Ya no hay literatura épica o trágica, porque hasta el delito se puede entender como algo razonable

Como hoy todo –o casi– se vende, no queda otro modo de encontrar cosas inéditas que recurrir a lo que está fuera de mercado, como la religión, la verdadera religión. No algo que compone el ser humano a su gusto, sino la religión en sentido estricto, la palabra y el amor de Dios. Empezó Él, por propia iniciativa.

No me voy a equivocar, porque la religión, Dios, sigue ahí y no hay quien lo borre. Se intenta ahora el derribo por olvido, por insignificancia, por esa beatería laicista del cinismo. ¿Quién defiende en estos tiempos principios cuando el principio supremo es el compromiso con la mediocridad? Ya no hay literatura épica o trágica, porque hasta el delito se puede entender como algo razonable.
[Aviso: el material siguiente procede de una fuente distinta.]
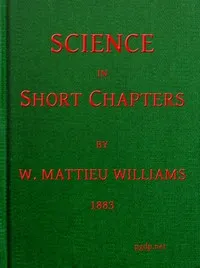 Science in Short Chapters — W. Mattieu (William Mattieu) Williams cover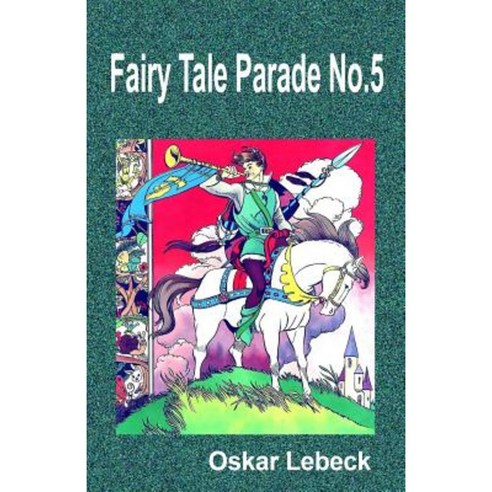 Fairy Tale Parade No.5 Paperback, Createspace Independent Publishing Platform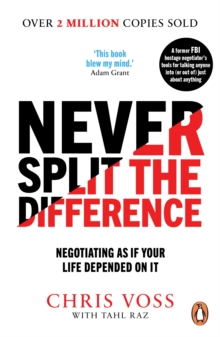 Image for Never split the difference: negotiating as if your life depended on it
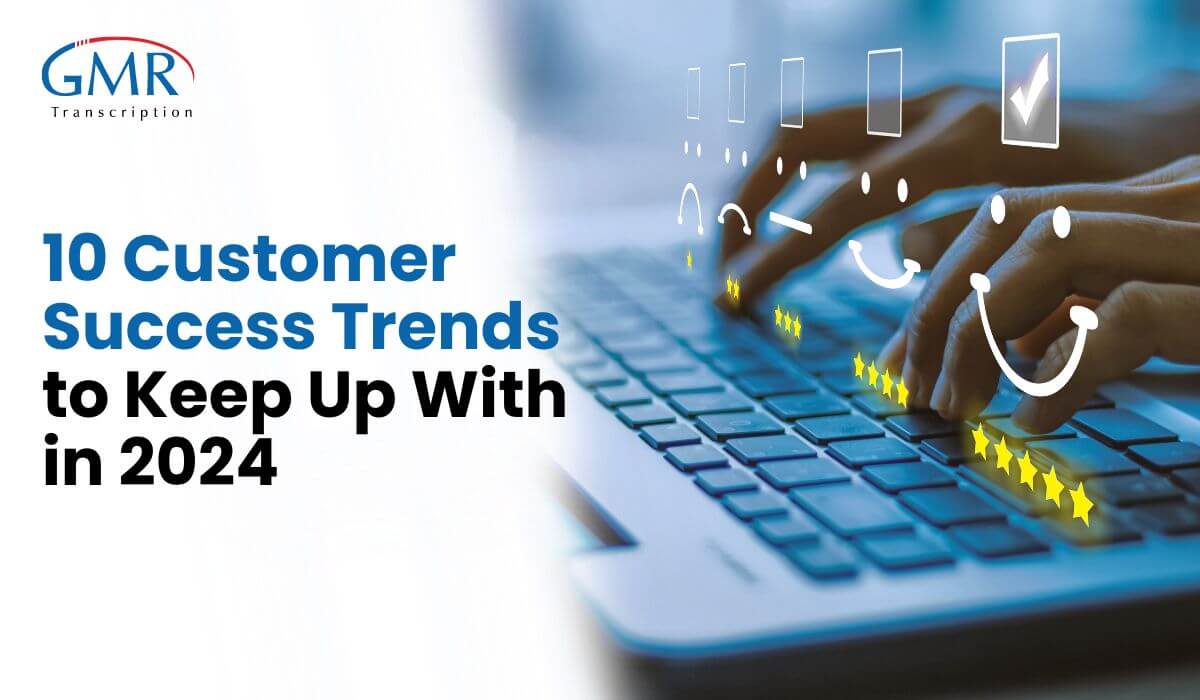 10 Customer Success Trends to Keep Up with in 2024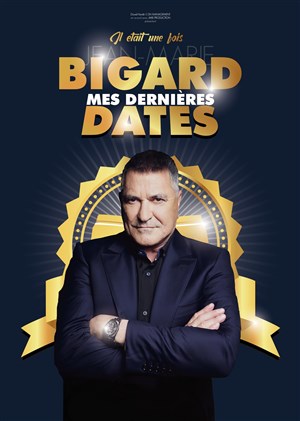 Affiche de Jean Marie Bigard dans Il était une fois Jean Marie Bigard
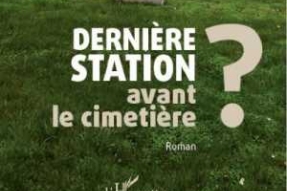 Dernière station avant le cimetière?
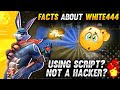 UNKNOWN FACTS ABOUT WHITE444😳 || GARENA FREE FIRE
Pido disculpas por este inicio, un tanto apasionado, nada frecuente en la mayor parte de los columnistas. Pero la culpa de estas impresiones la tiene la relectura de Asesinato en la catedral, de T.S. Eliot. Escrito en 1935, era una adivinación de los tiempos que estaban por venir.

El tema es conocido: Thomas Becket, amigo y canciller de Enrique II, es nombrado arzobispo de Canterbury. Muy pronto, Enrique II encuentra un estorbo, para su política de poder, en aquel que quería que fuera su mano derecha. Había prometido a su amigo Thomas que estaría siempre a su lado. Pero cambia de opinión, como quien se quita un guante, y deja caer, para que lo entiendan, a ese hombre que le molesta. Quienes manejan el poder suelen tener lacayos dispuestos a cualquier cosa, con tal de no perder el cargo y su sustancia económica.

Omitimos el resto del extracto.